Agudat Yisrael (Hebrew: אגודת ישראל‎, lit. Union of Israel, also transliterated Agudath Israel, or Agudas Yisroel) began as a political party representing orthodox Jews in Poland, originating in the Agudath Israel movement in Upper Silesia. It later became the Party of the Haredi population of Israel. It was the umbrella party for almost all Haredi Jews in Israel until the 1980s, as it had been during the British Mandate of Palestine.

Since the 1980s, it has become a predominately Hasidic party, though it often combines with the Degel Hatorah non-Hasidic party for elections and coalition-forming. When so combined, they are known together as United Torah Judasim.

When political Zionism began to emerge in the 1890s and recruit supporters in Europe and America, it was opposed by many Orthodox Jews, who believed the Jewish state would emerge from divine intervention.World Agudath Israel was founded in Kattowitz, German Empire, (now Katowice, Poland) in 1912, with the purpose of providing an umbrella organization for observant Jews who opposed the Zionist movement.

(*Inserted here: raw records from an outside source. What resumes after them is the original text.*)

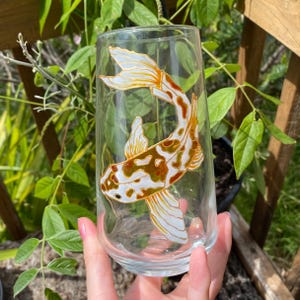 May include: A clear glass with a hand-painted design of a white and orange koi fish. The fish is swimming upwards with its tail fin extended.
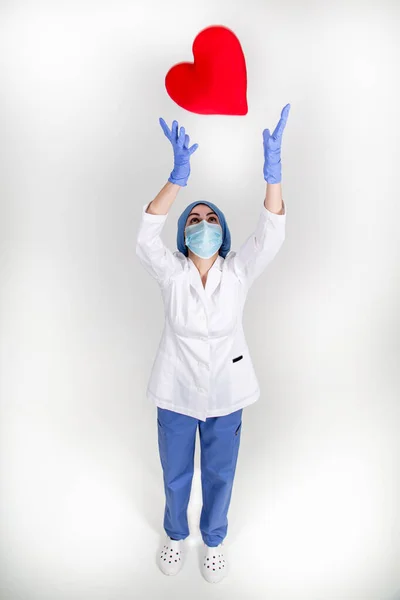 Hemşire ya da doktor üniformalı. Büyük kırmızı kalbi var.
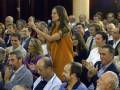 Una mujer en un vestido naranja se levanta con un micrófono, mientras un grupo de personas la aplauden en una sala de conferencias.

In Palestine, Agudat Yisrael was established as a branch of this movement, to provide opposition to the organized Jewish community (the "Yishuv"). One of its most authoritative spokesmen against the formation of a Jewish State, the Dutch poet Jacob Israël de Haan, was assassinated by the Haganah in 1924. In the wake of the Holocaust, anti-Zionist rabbis who led Agudat Israel recognized the great utility of a Jewish state, and it became non-Zionist, rather than anti-Zionist. It did not actively participate in the creation of Israel, but it ceased its opposition. In 1933, it entered into an agreement with the Jewish Agency in Palestine, according to which Agudat Yisrael would receive 6.5% of the immigration permits. Eventually, at the eve of the Israeli Declaration of Independence (1948), Agudat Yisrael yielded to pressure from the Zionist movement and has been a participant in most governments since that time. The movement realized the benefits of more active participation in politics over time and agreed to become a coalition partner in several Israeli governments. However, its original reservations about a secular government influenced its decision to refuse cabinet positions.